◆ Available data
- Opening Delimiter -
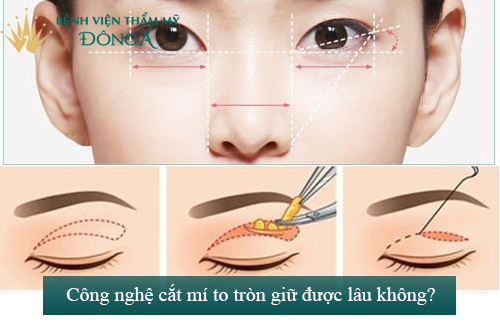 Cắt mắt to tròn chỉ sau 60p với công nghệ độc quyền Eye Lift 11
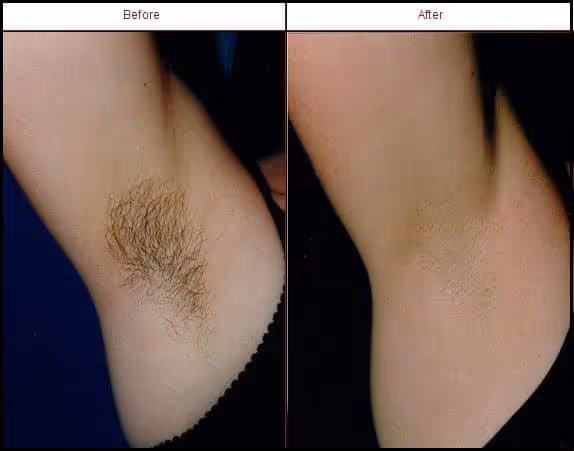 laser hair removal before and after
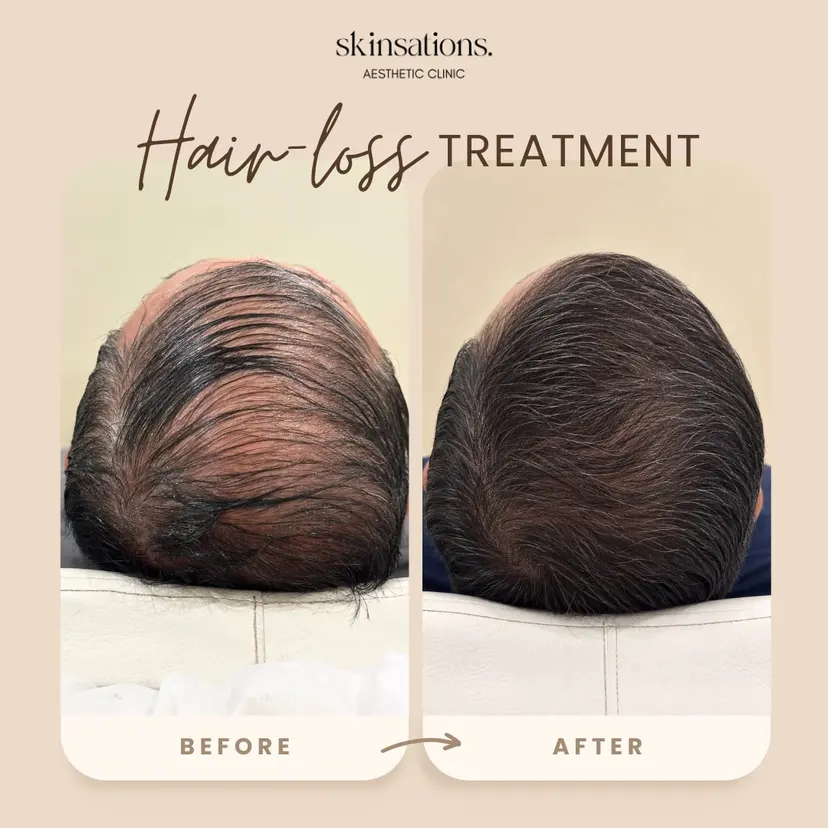 Male Pattern Baldness Density Recovery — Before and After at Skinsations Lahore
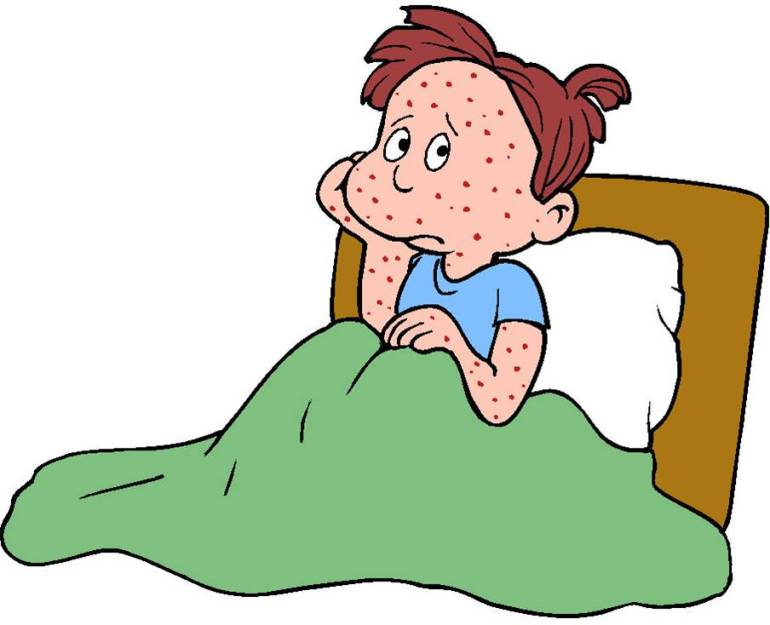 Shingles Rash Clip Art.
- Closing Delimiter -
Which lines fall between the one containing "laser hair removal before and after" and the last line of the listing, both included? Give them again exactly, without the pictures.

◆ Solution to this exercise
 laser hair removal before and after
 Male Pattern Baldness Density Recovery — Before and After at Skinsations Lahore
 Shingles Rash Clip Art.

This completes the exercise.